__BRIEF__. Only the lines from the one containing "Seradia Dress - Kayra Collection" to the end of the data below belong in the answer, each repeated exactly; no pictures.
⟨
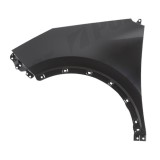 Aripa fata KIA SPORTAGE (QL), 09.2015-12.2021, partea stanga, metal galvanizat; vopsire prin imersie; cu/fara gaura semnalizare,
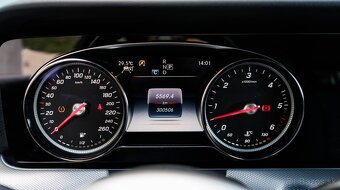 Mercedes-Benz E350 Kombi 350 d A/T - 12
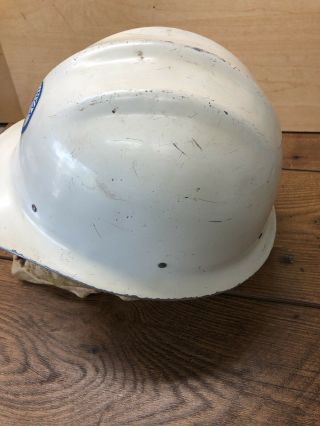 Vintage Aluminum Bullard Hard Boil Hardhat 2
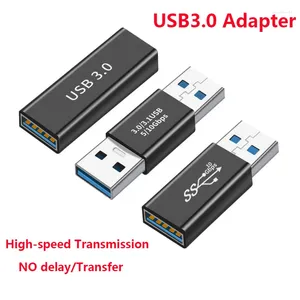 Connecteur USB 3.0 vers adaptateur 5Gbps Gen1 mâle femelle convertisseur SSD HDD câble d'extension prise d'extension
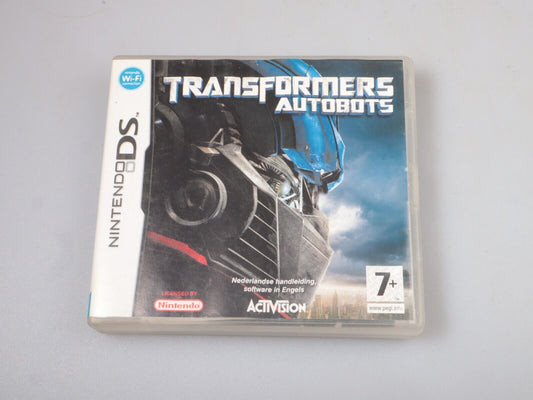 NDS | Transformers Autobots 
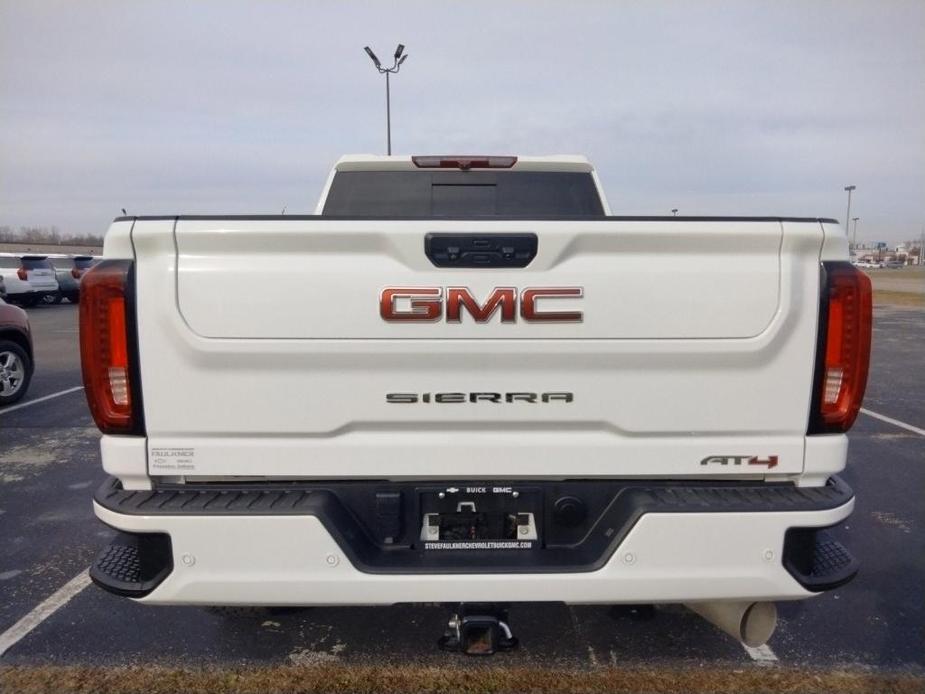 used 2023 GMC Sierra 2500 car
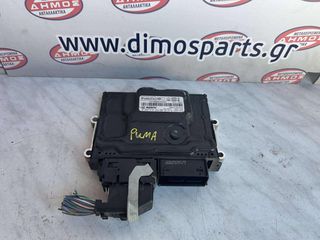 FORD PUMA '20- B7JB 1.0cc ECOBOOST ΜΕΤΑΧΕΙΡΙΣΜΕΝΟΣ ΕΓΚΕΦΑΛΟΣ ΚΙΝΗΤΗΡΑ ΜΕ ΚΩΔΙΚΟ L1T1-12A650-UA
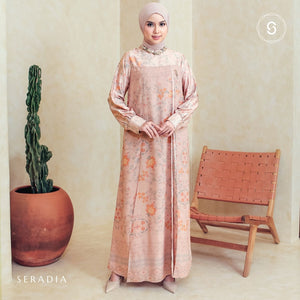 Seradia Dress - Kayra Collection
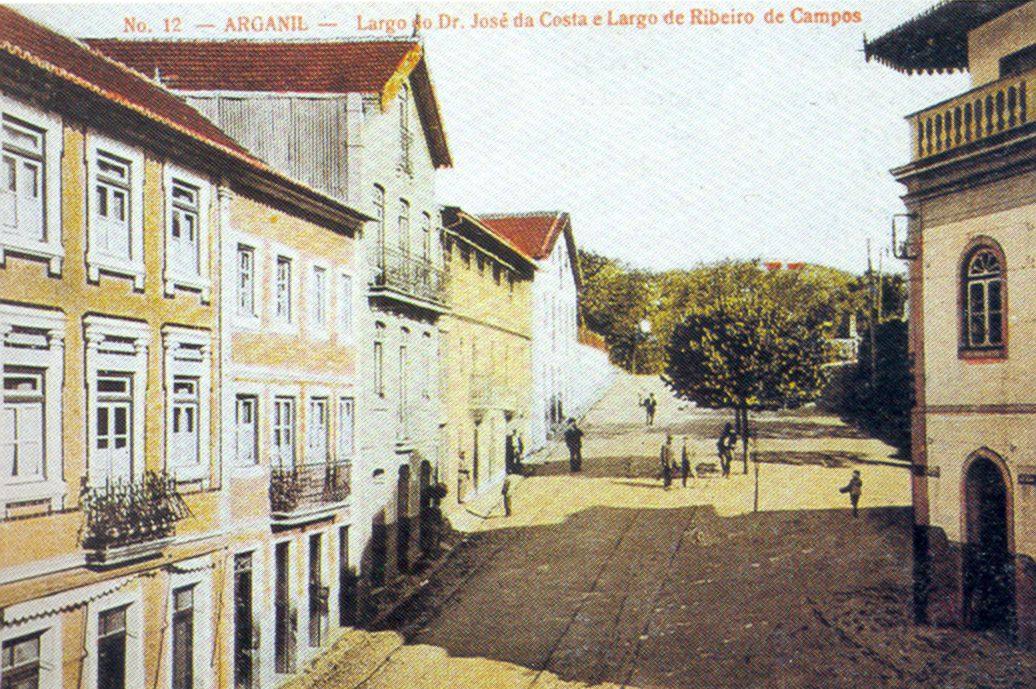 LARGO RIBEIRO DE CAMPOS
⟩
__OUTPUT FOR THIS EXERCISE__.
 Seradia Dress - Kayra Collection
 LARGO RIBEIRO DE CAMPOS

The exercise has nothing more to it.